Чего я тут торчу?
«…К нему не зарастет народная тропа…»
Сосны издали шепнули мне эти слова. Сосны все видят и слышат. И ничего не забывают. Они живые свидетели, вечные часовые. Голубые сосны. Может, это о них поет Бенас?
Толстая каменная ограда. Железные ворота гремят, но не открываются. Заперты. Почему запирают кладбище? Чтоб мертвецы в полночь не выбрались в затихший город? Или чтоб живые не осквернили место их покоя?
Я иду вдоль ограды, вижу брешь и пролезаю в нее. В густой тени деревьев осматриваюсь. Трусом я никогда не был, но одному ночью на кладбище что-то не по себе.
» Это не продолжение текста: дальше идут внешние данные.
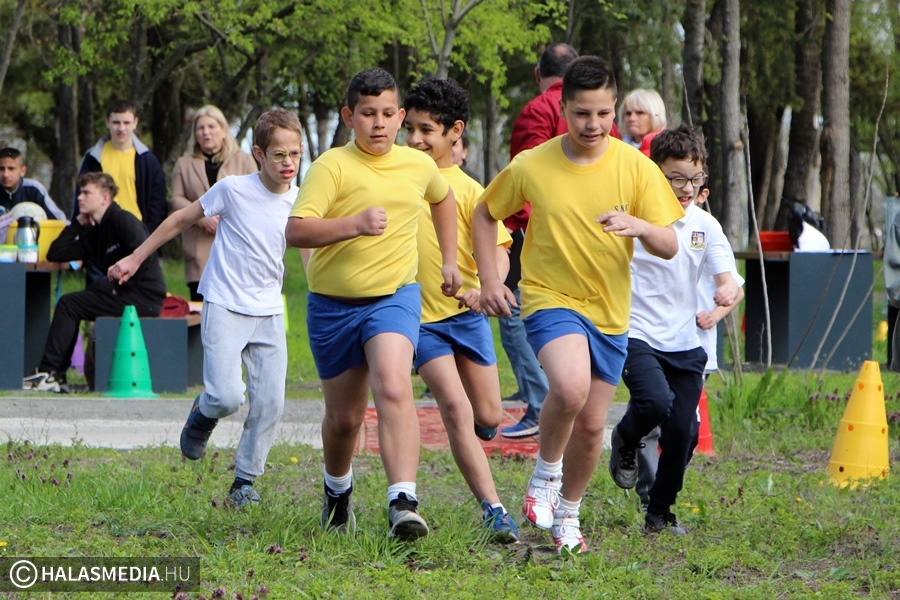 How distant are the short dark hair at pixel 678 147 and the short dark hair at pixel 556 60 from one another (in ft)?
8.17

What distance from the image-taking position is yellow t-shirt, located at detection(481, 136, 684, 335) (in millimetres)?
4992

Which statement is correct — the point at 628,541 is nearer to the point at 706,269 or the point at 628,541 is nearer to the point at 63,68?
the point at 706,269

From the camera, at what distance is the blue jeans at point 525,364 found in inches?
320

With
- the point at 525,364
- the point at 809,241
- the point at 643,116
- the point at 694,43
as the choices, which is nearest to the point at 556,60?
the point at 643,116

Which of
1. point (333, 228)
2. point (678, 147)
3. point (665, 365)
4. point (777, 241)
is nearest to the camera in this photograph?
point (333, 228)

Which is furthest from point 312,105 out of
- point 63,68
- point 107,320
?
point 107,320

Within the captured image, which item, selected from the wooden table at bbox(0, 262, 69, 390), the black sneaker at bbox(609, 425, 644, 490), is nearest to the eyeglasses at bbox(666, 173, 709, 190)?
the black sneaker at bbox(609, 425, 644, 490)

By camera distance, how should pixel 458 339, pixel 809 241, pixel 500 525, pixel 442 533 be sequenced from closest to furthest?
pixel 442 533 < pixel 500 525 < pixel 458 339 < pixel 809 241

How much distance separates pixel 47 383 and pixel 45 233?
1397mm

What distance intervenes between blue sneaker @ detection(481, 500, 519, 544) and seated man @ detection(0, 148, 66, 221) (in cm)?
743

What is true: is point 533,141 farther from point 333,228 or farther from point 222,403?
point 333,228

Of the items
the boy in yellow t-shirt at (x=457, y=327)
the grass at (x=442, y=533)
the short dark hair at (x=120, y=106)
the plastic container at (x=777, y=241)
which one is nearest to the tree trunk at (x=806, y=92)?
the plastic container at (x=777, y=241)

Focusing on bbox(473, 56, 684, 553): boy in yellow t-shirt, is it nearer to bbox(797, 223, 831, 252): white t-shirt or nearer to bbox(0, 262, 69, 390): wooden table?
bbox(0, 262, 69, 390): wooden table

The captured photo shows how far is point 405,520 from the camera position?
4746 millimetres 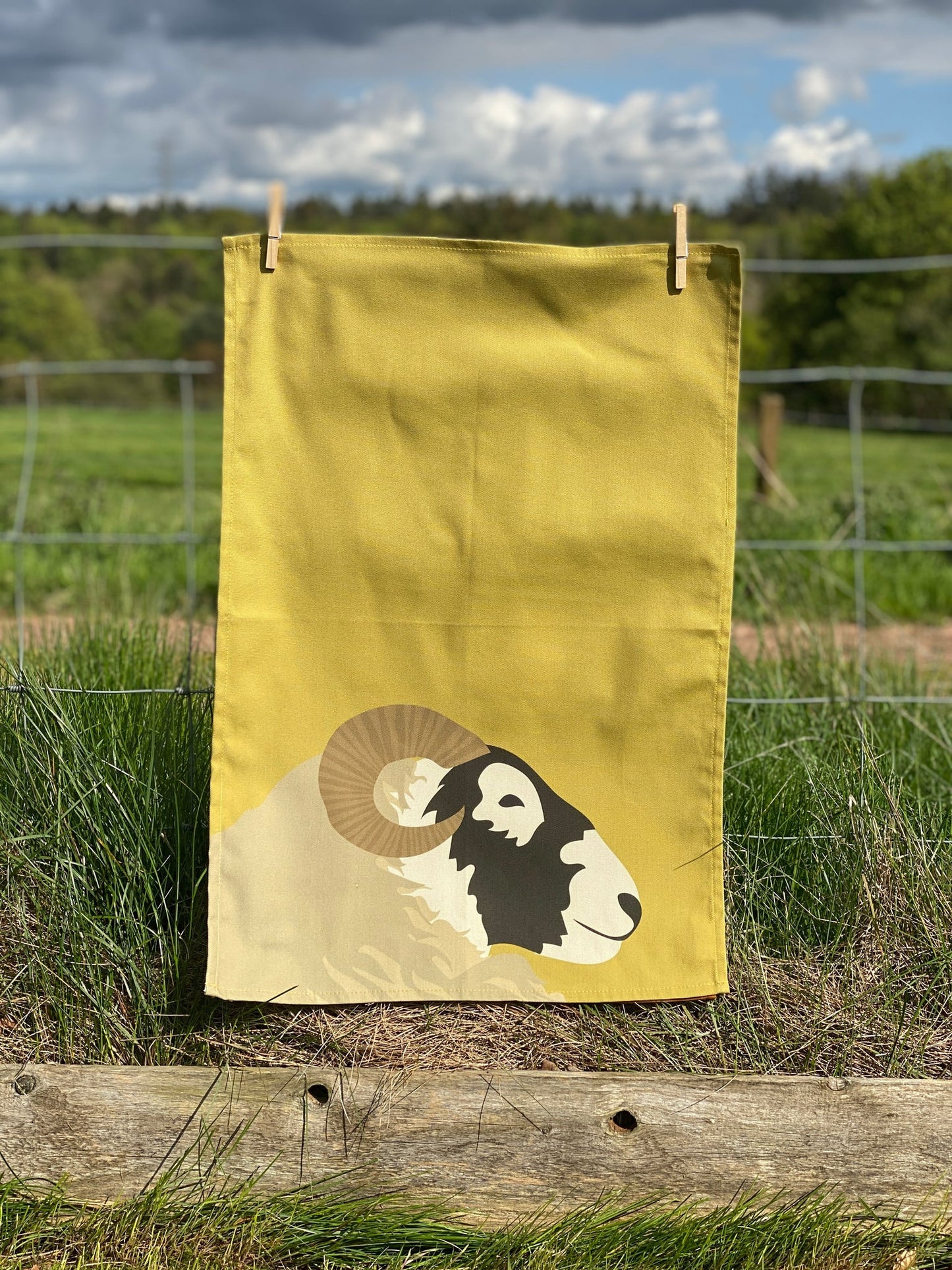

На цыпочках выбираюсь на главную аллею и по ней поднимаюсь на крутой холм. Кресты, памятники, кресты. В лунном свете надписи проступают так четко, что читай, как книгу. Но мне не до них, я спешу, как будто за мной гонятся.
Вот по этой тропе я и шел тогда за горсткой провожающих. Впереди, в стихаре, шествовал ксендз. Большой гроб качался на плечах у мужчин, и мне снова показалось, что он пуст. Да, да, случилось недоразумение, вот-вот все выяснится.
Без труда нахожу могилу Ромаса. На гребне холма, между двумя соснами, она прижалась к большому гранитному памятнику с польской надписью. Могила осела, на ней растет чахлая трава.
Тогда я стоял в стороне и ждал чуда. Но его все не было. Гроб опустили в могилу, и по крышке загремели камешки, глухо зашуршал песок.
Ксендз молился, плакала мать Ромаса, притихшие и бессильные стояли люди.
«…К нему не зарастет народная тропа…»
Спустя два года я пришел сюда. Побывал ли здесь хоть кто-нибудь из нас, из его друзей? Хоть раз?
Мы забывчивы.
…Люди расходились с кладбища. Ко мне подошел Бенас. Я только теперь его заметил. Как-то дернулось сердце. Бенас сжал мои пальцы, и мы постояли рядом, не говоря ни слова и думая о часах, проведенных в «лаборатории» Ромаса, об уроках и переменах, на которых мы не слышали Ромаса, но все равно чувствовали его присутствие.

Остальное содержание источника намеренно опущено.